Description of the task: Whenever a line of the entries below holds the string "background", copy that line and return it.

━━━━━ Task material ━━━━━

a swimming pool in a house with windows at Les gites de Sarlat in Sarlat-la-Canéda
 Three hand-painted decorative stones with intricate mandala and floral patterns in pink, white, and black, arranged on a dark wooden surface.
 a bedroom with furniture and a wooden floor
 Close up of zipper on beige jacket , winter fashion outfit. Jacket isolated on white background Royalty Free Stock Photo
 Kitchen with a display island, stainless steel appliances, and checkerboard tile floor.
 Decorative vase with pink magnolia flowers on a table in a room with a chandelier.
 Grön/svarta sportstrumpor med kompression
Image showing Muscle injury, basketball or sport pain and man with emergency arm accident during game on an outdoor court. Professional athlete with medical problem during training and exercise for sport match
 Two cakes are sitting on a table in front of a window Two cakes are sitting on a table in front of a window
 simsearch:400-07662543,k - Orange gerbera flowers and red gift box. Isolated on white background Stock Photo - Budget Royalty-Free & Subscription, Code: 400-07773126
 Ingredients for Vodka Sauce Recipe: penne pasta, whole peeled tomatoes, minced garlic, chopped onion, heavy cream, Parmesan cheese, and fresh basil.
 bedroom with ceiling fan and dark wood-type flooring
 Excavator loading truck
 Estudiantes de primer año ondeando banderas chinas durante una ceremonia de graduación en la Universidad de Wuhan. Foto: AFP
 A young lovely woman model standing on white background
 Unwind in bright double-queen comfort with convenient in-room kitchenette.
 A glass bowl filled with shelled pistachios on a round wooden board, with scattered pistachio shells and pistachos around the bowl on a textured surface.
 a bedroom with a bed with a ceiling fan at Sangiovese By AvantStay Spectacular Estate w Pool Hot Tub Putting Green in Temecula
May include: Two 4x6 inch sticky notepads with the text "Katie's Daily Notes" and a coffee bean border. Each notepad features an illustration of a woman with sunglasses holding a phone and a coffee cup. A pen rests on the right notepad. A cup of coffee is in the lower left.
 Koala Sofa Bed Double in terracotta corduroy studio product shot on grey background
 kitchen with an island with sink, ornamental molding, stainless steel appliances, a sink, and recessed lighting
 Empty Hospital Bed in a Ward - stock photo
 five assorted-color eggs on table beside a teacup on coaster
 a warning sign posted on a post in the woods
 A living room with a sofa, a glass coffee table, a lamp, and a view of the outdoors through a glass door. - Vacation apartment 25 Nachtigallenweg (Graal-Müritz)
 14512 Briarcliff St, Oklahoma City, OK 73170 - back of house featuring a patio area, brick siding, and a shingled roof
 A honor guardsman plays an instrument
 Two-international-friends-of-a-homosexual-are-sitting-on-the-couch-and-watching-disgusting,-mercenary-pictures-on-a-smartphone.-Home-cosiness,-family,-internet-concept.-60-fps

━━━━━

Answer section:
 Close up of zipper on beige jacket , winter fashion outfit. Jacket isolated on white background Royalty Free Stock Photo
 simsearch:400-07662543,k - Orange gerbera flowers and red gift box. Isolated on white background Stock Photo - Budget Royalty-Free & Subscription, Code: 400-07773126
 A young lovely woman model standing on white background
 Koala Sofa Bed Double in terracotta corduroy studio product shot on grey background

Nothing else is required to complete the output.